* [ASSIGNMENT] The span to repeat in the listing below runs from the line containing "A sandy beach" to the line containing "a bedroom with", inclusive. Repeat it exactly, and only it.

* [DATA FOR THE TASK]

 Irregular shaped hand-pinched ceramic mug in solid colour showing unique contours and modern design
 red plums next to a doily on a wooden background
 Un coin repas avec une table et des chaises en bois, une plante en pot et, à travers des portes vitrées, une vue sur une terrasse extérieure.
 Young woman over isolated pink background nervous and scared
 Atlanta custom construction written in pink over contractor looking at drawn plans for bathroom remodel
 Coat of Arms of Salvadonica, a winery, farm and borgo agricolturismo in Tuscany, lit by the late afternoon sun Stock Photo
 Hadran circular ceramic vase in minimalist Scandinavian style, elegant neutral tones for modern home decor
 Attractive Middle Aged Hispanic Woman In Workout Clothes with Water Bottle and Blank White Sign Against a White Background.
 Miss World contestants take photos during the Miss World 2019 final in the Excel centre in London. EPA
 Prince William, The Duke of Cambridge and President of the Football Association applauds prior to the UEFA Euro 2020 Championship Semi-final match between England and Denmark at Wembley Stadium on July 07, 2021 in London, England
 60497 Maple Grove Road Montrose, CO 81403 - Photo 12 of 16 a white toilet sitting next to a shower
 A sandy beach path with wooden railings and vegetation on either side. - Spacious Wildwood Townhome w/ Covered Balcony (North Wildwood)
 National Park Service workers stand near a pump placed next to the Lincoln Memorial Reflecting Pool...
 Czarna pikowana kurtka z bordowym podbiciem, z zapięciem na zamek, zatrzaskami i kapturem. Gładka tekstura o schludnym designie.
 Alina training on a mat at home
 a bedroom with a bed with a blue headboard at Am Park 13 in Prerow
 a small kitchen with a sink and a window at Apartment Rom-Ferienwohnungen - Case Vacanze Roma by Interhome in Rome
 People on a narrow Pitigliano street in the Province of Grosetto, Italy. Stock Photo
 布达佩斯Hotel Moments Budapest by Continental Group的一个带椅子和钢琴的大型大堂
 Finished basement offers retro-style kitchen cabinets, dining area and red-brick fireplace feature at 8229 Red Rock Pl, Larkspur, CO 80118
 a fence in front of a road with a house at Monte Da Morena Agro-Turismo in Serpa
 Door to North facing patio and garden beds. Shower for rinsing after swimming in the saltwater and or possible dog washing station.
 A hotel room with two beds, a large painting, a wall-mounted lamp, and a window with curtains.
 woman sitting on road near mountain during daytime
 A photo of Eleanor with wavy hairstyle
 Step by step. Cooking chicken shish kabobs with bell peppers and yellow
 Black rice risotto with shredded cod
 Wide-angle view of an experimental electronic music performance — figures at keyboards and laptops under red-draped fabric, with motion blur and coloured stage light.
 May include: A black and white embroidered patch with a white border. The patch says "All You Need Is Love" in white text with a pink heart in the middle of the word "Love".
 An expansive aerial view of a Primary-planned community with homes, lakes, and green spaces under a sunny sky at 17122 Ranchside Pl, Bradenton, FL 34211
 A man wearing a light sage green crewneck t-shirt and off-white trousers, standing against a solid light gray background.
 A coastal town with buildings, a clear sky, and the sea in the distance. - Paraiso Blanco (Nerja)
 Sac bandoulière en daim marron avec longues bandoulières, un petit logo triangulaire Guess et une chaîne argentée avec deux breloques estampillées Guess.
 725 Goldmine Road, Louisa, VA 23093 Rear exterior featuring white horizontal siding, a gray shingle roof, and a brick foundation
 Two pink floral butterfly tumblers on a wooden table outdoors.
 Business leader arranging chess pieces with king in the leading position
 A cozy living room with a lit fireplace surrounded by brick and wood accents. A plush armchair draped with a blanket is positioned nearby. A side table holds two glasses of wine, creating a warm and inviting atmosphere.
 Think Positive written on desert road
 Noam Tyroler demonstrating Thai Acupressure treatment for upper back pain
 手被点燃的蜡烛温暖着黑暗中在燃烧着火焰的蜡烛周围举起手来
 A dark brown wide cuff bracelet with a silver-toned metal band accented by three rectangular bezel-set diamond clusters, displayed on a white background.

* [RESULT OF THIS EXERCISE]
 A sandy beach path with wooden railings and vegetation on either side. - Spacious Wildwood Townhome w/ Covered Balcony (North Wildwood)
 National Park Service workers stand near a pump placed next to the Lincoln Memorial Reflecting Pool...
 Czarna pikowana kurtka z bordowym podbiciem, z zapięciem na zamek, zatrzaskami i kapturem. Gładka tekstura o schludnym designie.
 Alina training on a mat at home
 a bedroom with a bed with a blue headboard at Am Park 13 in Prerow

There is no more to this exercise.